Analyzing sizes of large DNA molecules

A novel analyzing method for DNA molecules of size greater than 10 kbp by measuring DNA relaxation time with micro/nanofluidic devices


  • Novel size analyzing method based on different principle from existing method.
  • This technology enables short-time analysis than pulsed-field gel electrophoresis (PFGE).

Background and Technology

Pulsed-field electrophoresis (PFGE) is standard gel electrophoresis, which has been widely utilized in DNA separation for various genotyping and sequencing application. However, DNA separation by PFGE takes 1 – 2 days. Therefore, there is a growing demand for more rapid methods for the separation of large DNA molecules.

Electrophoresis using micro/nanofluidic devices, based on size exclusion chromatography (SEC) has been developed for DNA separation. However, this separation principle is based on the difference between the diffusion coefficients of Brownian motion of molecules. Therefore, this method needs a large amount of samples and passage time of all samples through micro/nanofluidics.

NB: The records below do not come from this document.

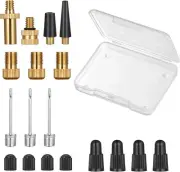 Zacro 19 PCS Bike Presta Valve Schrader Adaptor kit, Ball Pump Needles, Brass Bi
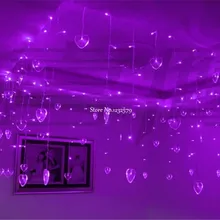 4 м 100SMD светодиодный гирлянды свадебные Рождественские огни 18 сердец шторы вечерние украшения лампы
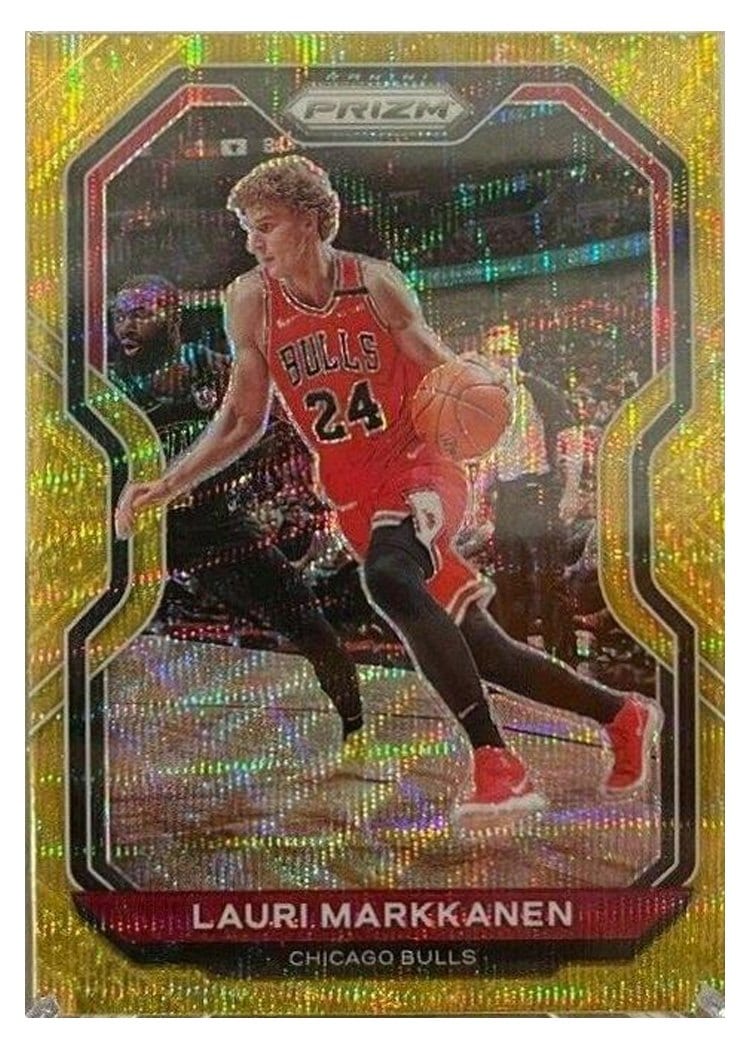 2020-21 Panini Prizm Base Set Lauri Markkanen Gold Wave Prizm #116 card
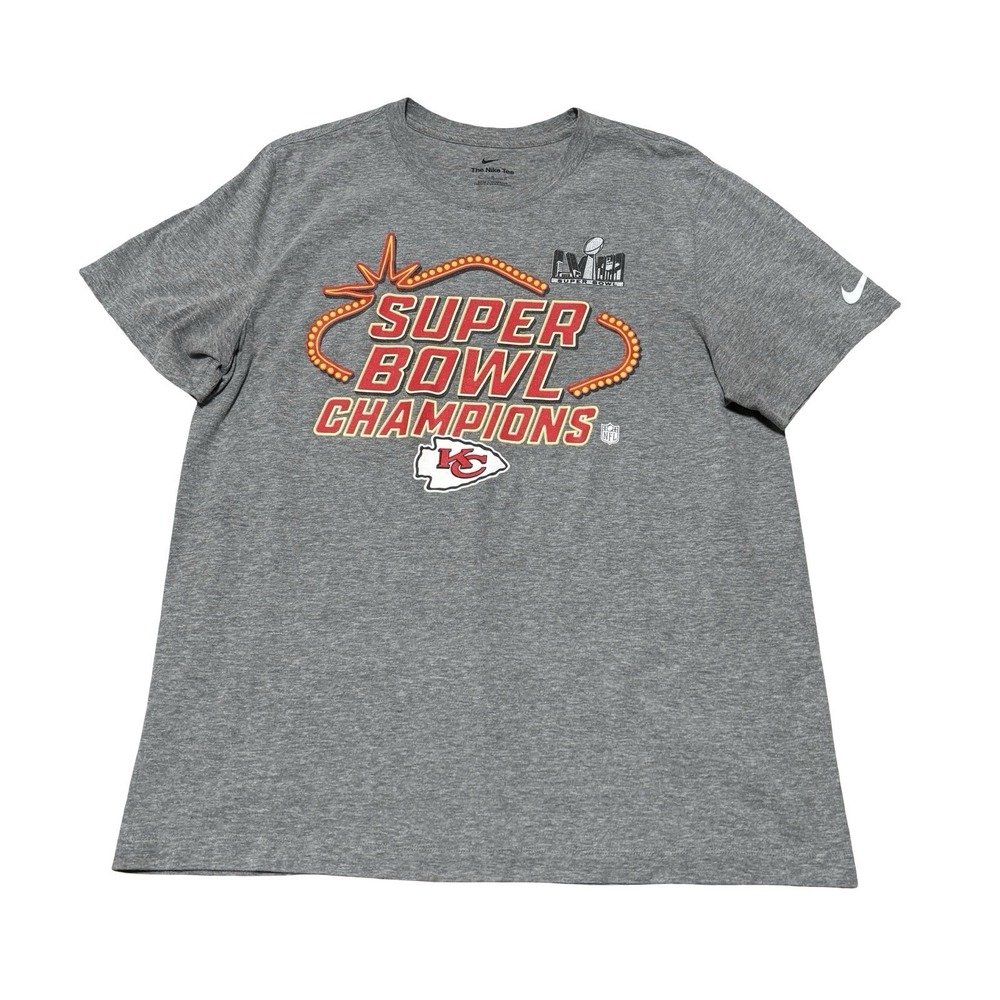 Nike Kansas City Chiefs Super Bowl LVIII Champions T Shirt Gray Size L 21 x 28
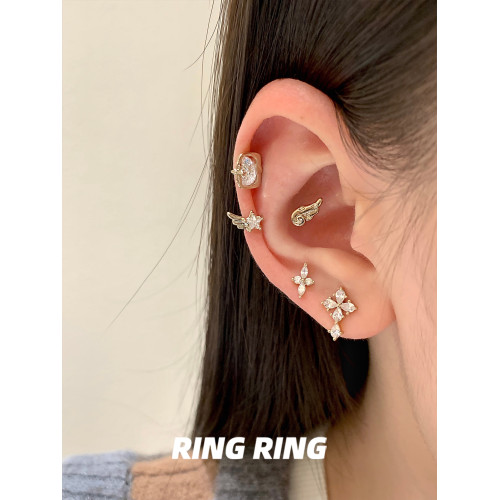 RINGRING商店耳骨釘醫用鈦鋼耳釘養耳洞耳蝸釘秋冬金色耳飾女耳圈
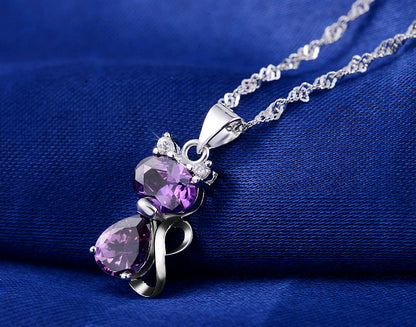 Kitten Cat Pendant Necklace for Girls or Women Purple Cubic Zirconia Ginger Lyne Collection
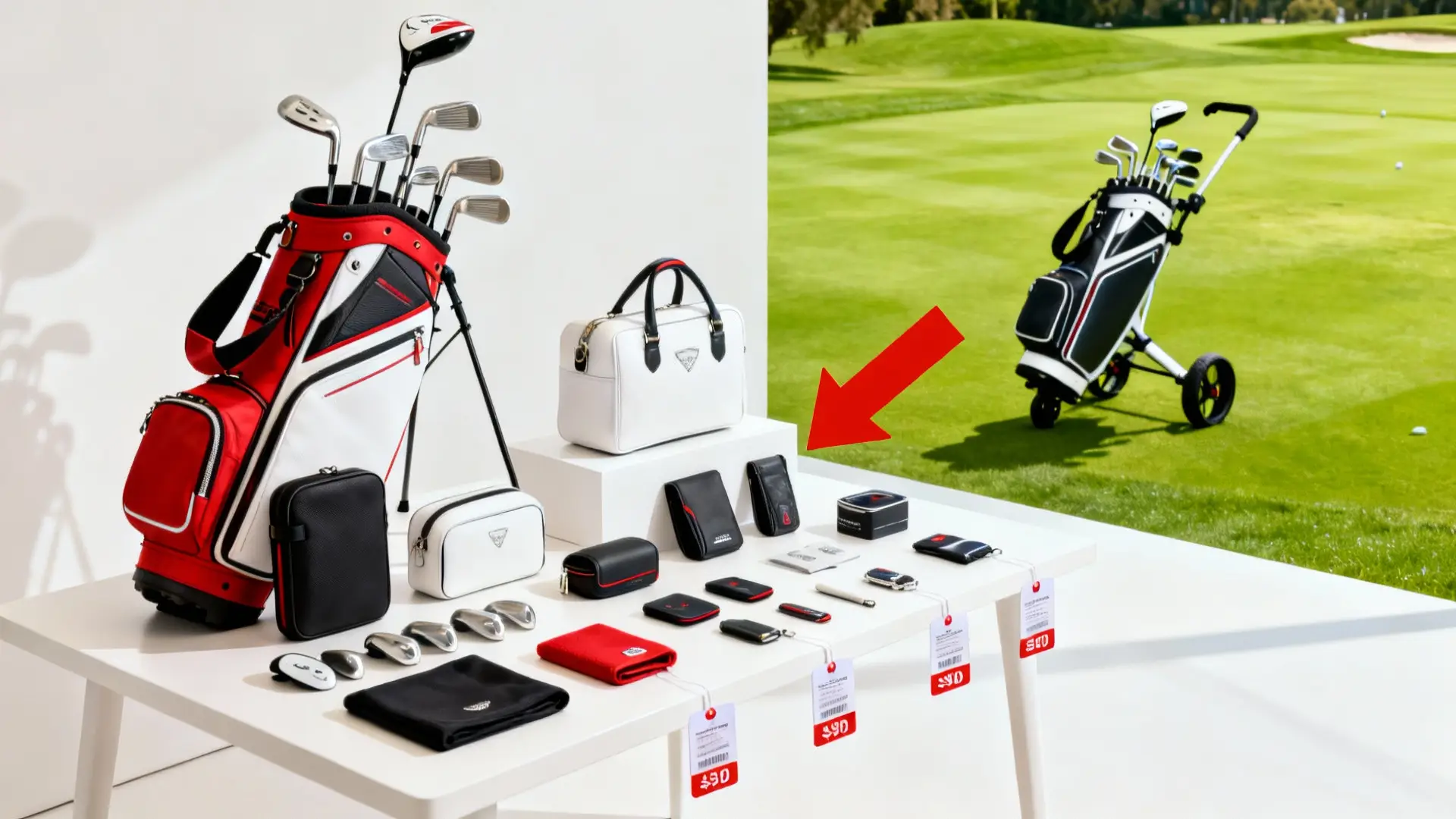 Équipement de golf réaliste avec flèches rouges, chariot en arrière-plan sur terrain vert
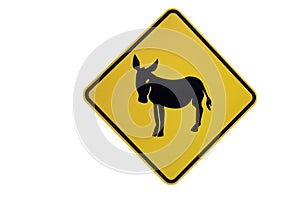 Donkey crossing sign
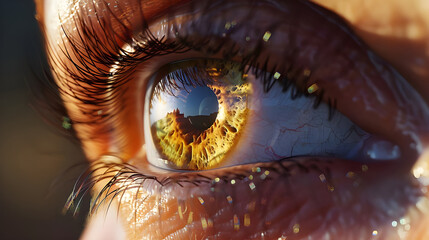 ultra closeup of human hazel eye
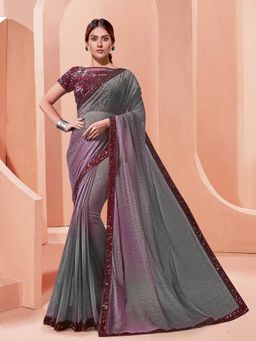Odette - Grey Elegant Lycra Saree with Unstitched Blouse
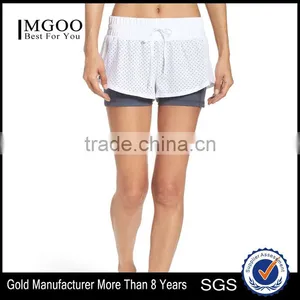 MGOO OEM Service Double Layer Performance Shorts Perforated Dri Fit Sports Short Pants With Drawstring Waist thumbnail-1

In this study, the researchers developed a new method based on measuring the relaxation time of DNA molecules. It was reported that the relaxation time depends on the number of molecules. Therefore, this method is expected to lead to offering fast, accurate high-resolution separation and analysis and requires very small amounts of sample for analysis.

For measuring the relaxation time, the researchers propose the device, which have nano slit and microfluidics. A DNA molecule migrates into the microfluidics with its random-coiled shape due to its electrophoresis by applied voltage and it is deformed to a linear-stretched shape to enter the nanogap. The measurement of relaxation time through single-molecule analysis is detected by observing using an optical microscope when it passes the nanogap.




Shintaro Itoh (Nagoya university)

Development Stage and Expectations

  • In this study, the researchers achieved the separation of large DNA molecules (a 48.5-kbp fragment of λ DNA and a 166-kbp fragment of T4 DNA) utilizing the prototype device.
  • This technology is expected to apply the identification of microbial strains of bacteria, karyotyping of yeast, cloning of large DNA, and purification of nucleic acid drugs. it is necessary to demonstrate this technology in these applications.
  • Further development of micro- and nano-fluidic devices.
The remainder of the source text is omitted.